La internacionalización del español se inicia en el Siglo de Oro, con el Imperio; ya afirmaba Antonio de Nebrija que la lengua es compañera del Imperio y Juan de Valdés señala que en toda Europa, incluidos los lugares en los que el luteranismo arreciaba, se aprendía la lengua española, «por la necesidad que tienen de ella, así para las cosas públicas como para la contratación». La situación actual de la lengua española ha sido planteada hace más de una década por el marqués de Tamarón en «El peso de la lengua española en el mundo» (1995). Ahora, tres economistas prestigiosos abordan la misma cuestión desde un punto de vista original: ya no se trata de que la lengua sea la compañera del Imperio, sino que es un factor de la expansión económica. Para entender esto, basta con imaginarnos a un empresario asturiano escribiéndole a un cliente japonés en bable. Naturalmente, no se lo imaginan, porque una cosa es la bolera, y otra los negocios. El español, nos recuerda García Delgado, es una de las cuatro lenguas mayores, junto con el chino, el indi y el inglés, muy superior en número de hablantes a las siete «grandes lenguas»: ruso, árabe, bengalí, portugués, japonés, alemán y francés, y la segunda de comunicación internacional o de intercambio, después del inglés. «Aglutinando a una de las pocas comunidades lingüísticas multinacionales que existen en un planeta con miles de lenguas, su fuerza expansiva no es una promesa, es una realidad», afirma el profesor García Delgado.

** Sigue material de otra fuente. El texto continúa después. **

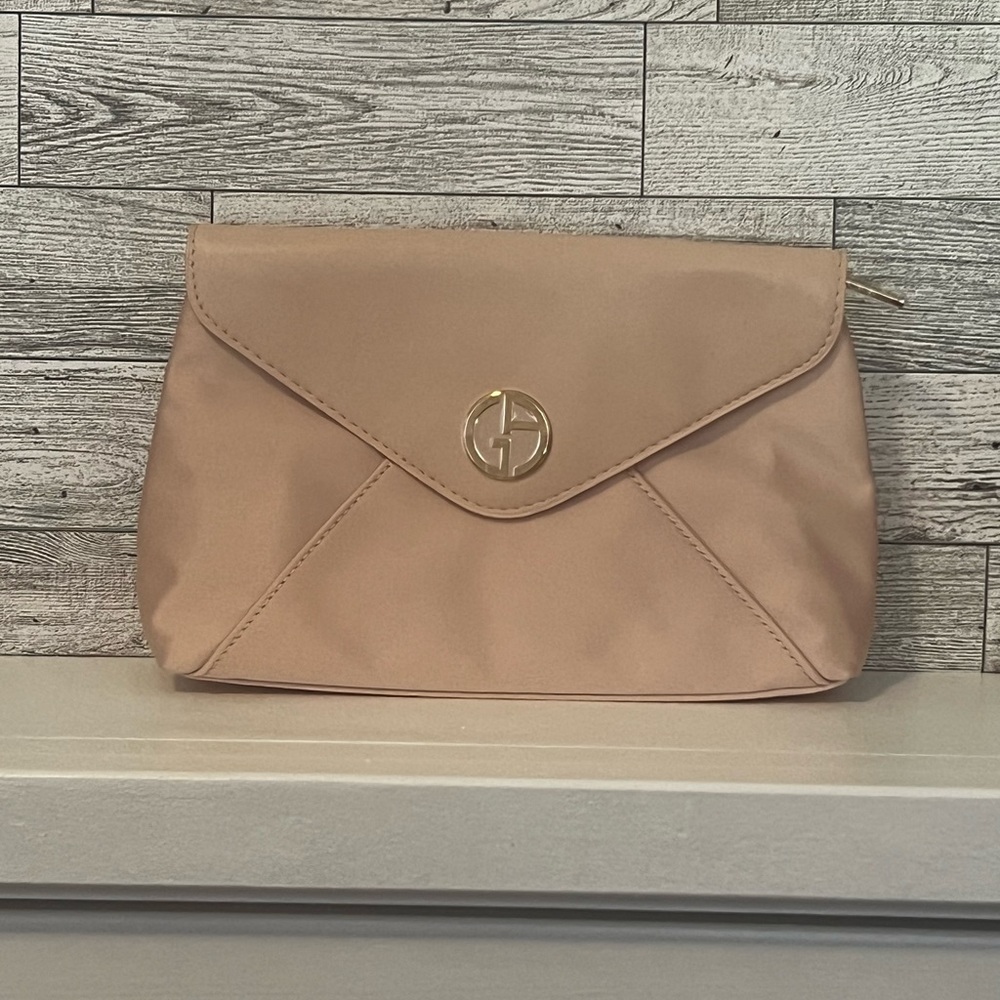 GWP- Giorgio Armani Beauty Nude Clutch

A esta internacionalización de la lengua española se añade que una lengua es un bien económico extraordinario (acaso no haya otro que se le iguale), ya que no presenta coste de producción, no es apropiable, no se agota con el uso, el valor de su uso se incrementa con el aumento de usuarios y con un coste único de acceso: «Una vez conocido un idioma, el agente puede apelar cuantas veces quiera a sus posibilidades expresivas sin necesidad de recurrir de nuevo a sus costes de acceso». La lengua es, pues, un capital incalculable, y por mucho que se pretenda dilapidarlo, no se agota. La economía del español, certifican tres economistas prestigiosos, es sólida y está en alza.